- Opening Delimiter -

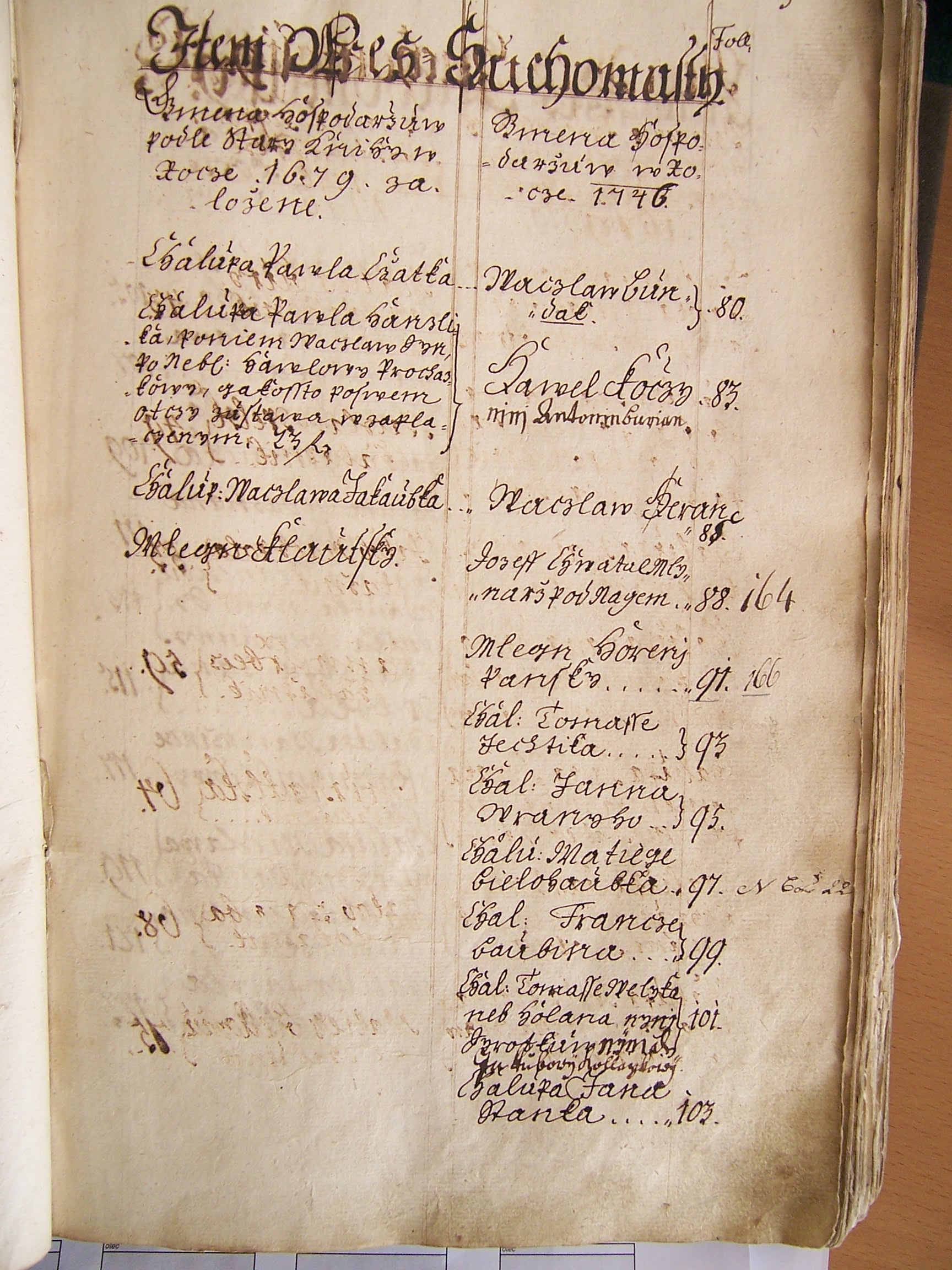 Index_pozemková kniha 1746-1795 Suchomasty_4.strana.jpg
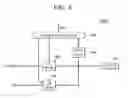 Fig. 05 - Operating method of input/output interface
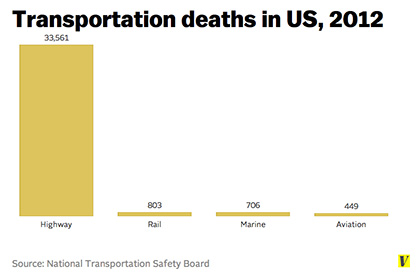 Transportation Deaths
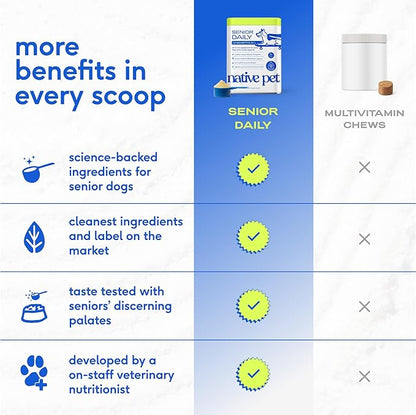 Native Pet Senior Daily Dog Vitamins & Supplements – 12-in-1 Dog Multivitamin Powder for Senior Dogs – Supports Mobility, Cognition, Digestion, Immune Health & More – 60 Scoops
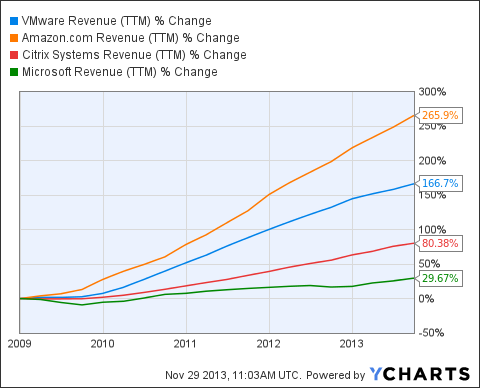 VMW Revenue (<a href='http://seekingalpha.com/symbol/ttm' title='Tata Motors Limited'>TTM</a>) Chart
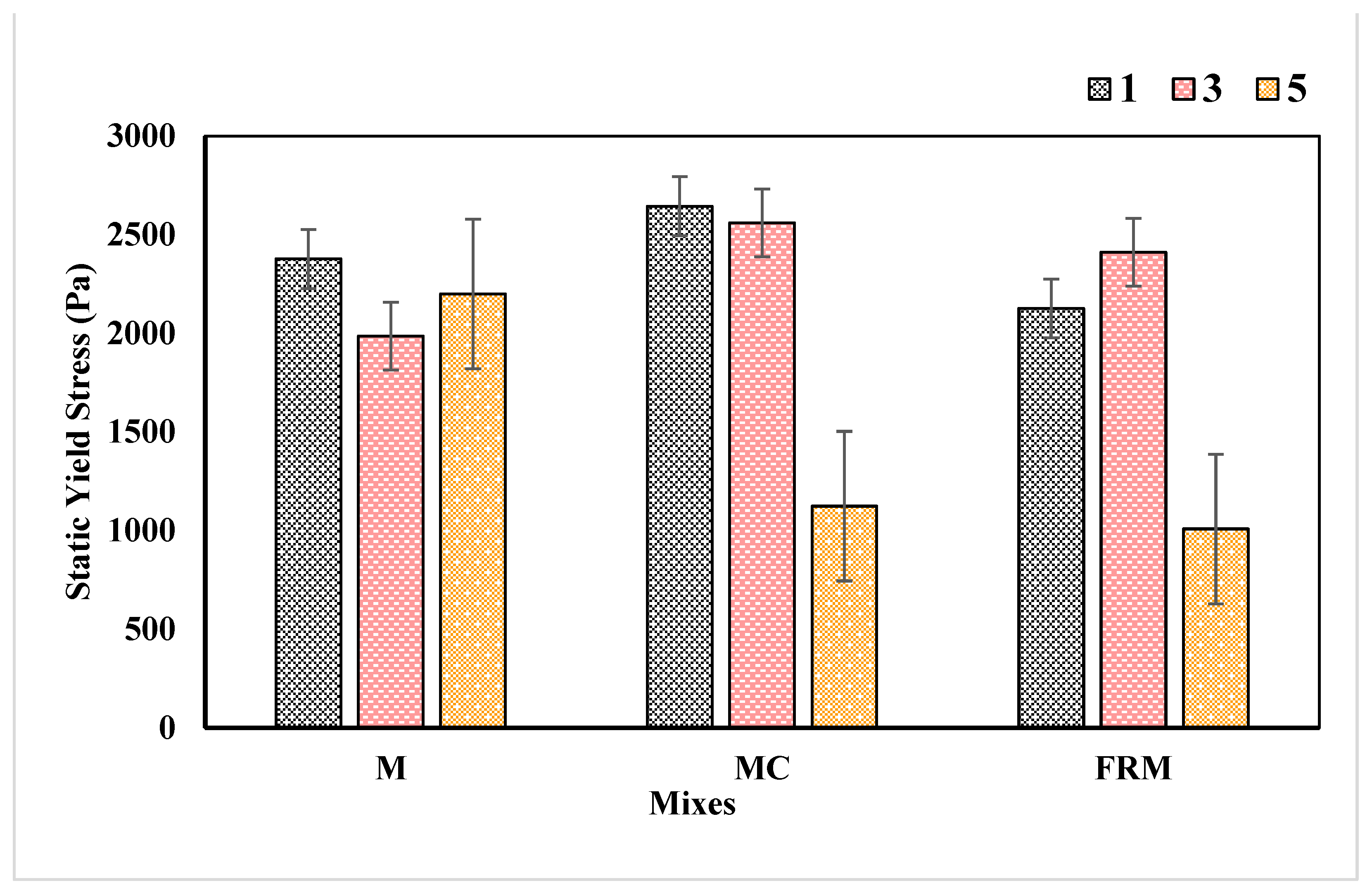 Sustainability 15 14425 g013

- Closing Delimiter -

**EXERCISE DIRECTIONS:**
Having located the line with "Transportation Deaths", transcribe exactly and only the lines from it to the final line of the material, skipping the pictures.

**RESULT FOR THIS TASK:**
 Transportation Deaths
 Native Pet Senior Daily Dog Vitamins & Supplements – 12-in-1 Dog Multivitamin Powder for Senior Dogs – Supports Mobility, Cognition, Digestion, Immune Health & More – 60 Scoops
 VMW Revenue (<a href='http://seekingalpha.com/symbol/ttm' title='Tata Motors Limited'>TTM</a>) Chart
 Sustainability 15 14425 g013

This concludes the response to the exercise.